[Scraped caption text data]
◇ ◇ ◇ ◇ ◇ ◇ ◇

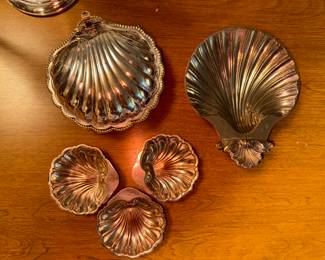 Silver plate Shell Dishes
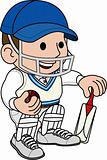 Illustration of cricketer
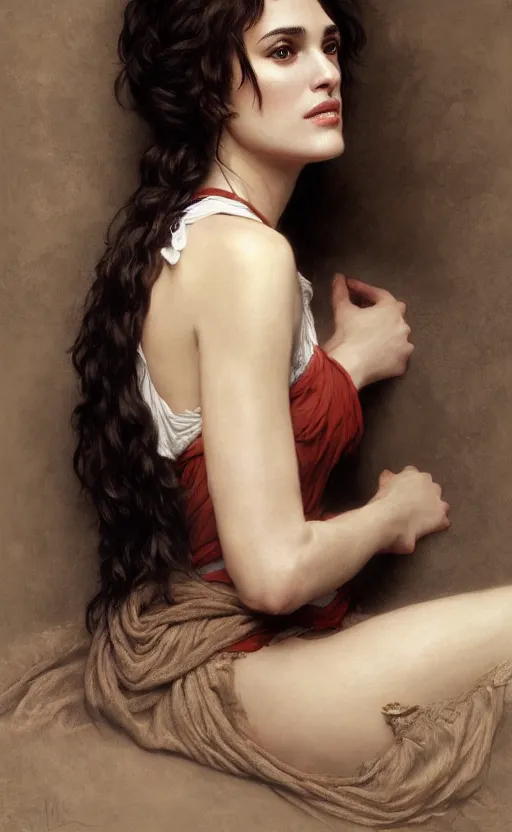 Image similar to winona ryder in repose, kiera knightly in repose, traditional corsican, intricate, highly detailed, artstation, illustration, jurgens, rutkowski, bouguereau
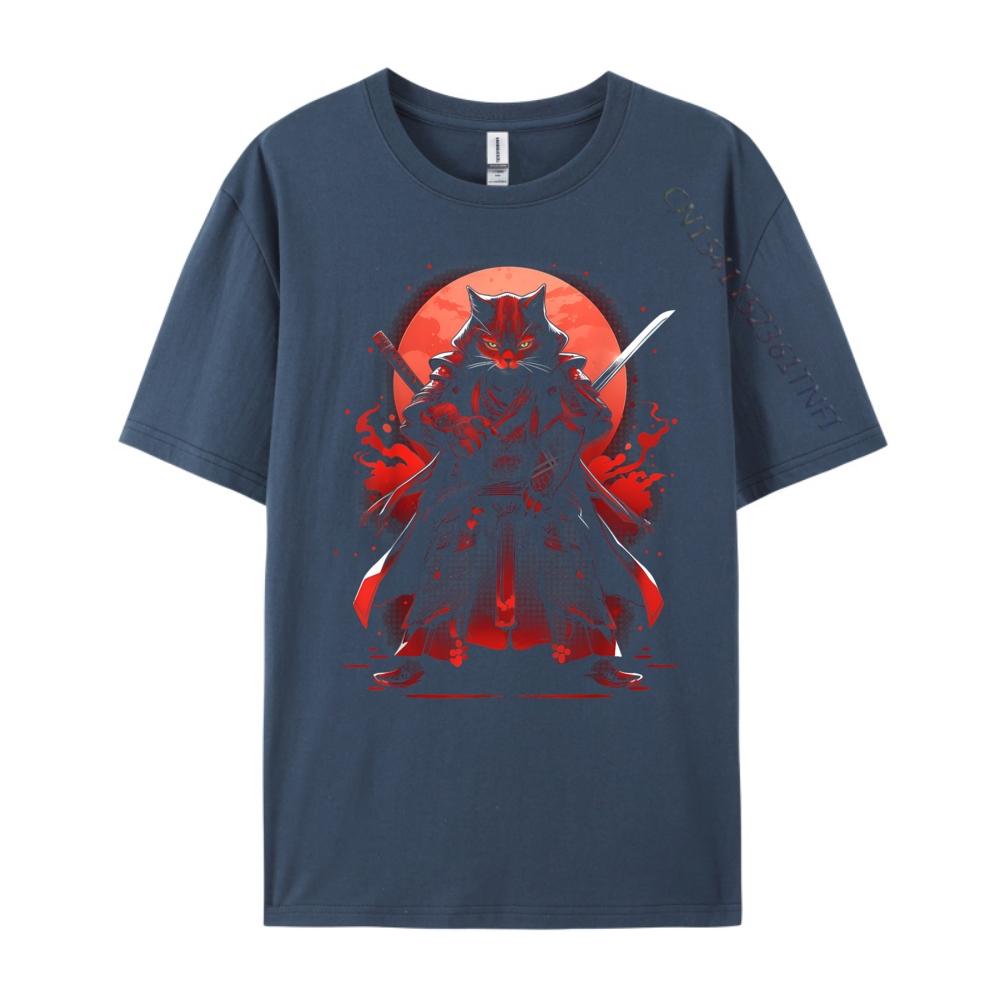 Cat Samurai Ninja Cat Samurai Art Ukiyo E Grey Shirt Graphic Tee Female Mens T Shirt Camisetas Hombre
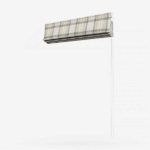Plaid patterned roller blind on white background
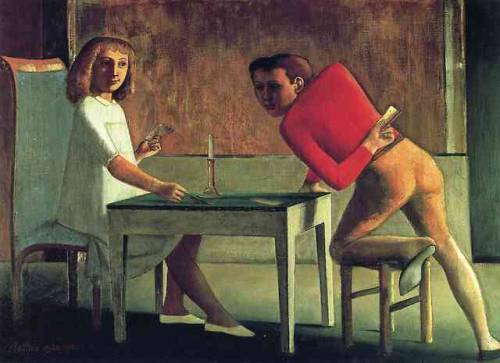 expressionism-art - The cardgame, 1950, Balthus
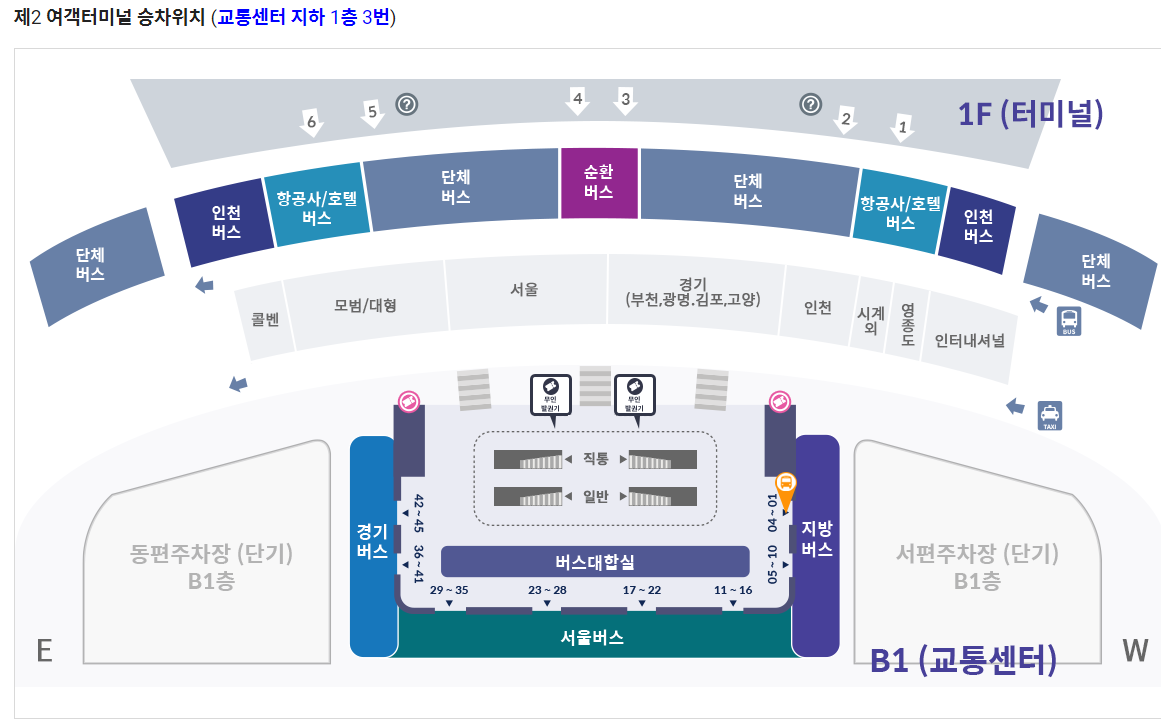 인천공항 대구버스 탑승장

◇ ◇ ◇ ◇ ◇ ◇ ◇

#### What the task requires
Please print the data above once more, exactly and without images.

#### Solved exercise
 Silver plate Shell Dishes
 Illustration of cricketer
 Image similar to winona ryder in repose, kiera knightly in repose, traditional corsican, intricate, highly detailed, artstation, illustration, jurgens, rutkowski, bouguereau
 Cat Samurai Ninja Cat Samurai Art Ukiyo E Grey Shirt Graphic Tee Female Mens T Shirt Camisetas Hombre
Plaid patterned roller blind on white background
 expressionism-art - The cardgame, 1950, Balthus
 인천공항 대구버스 탑승장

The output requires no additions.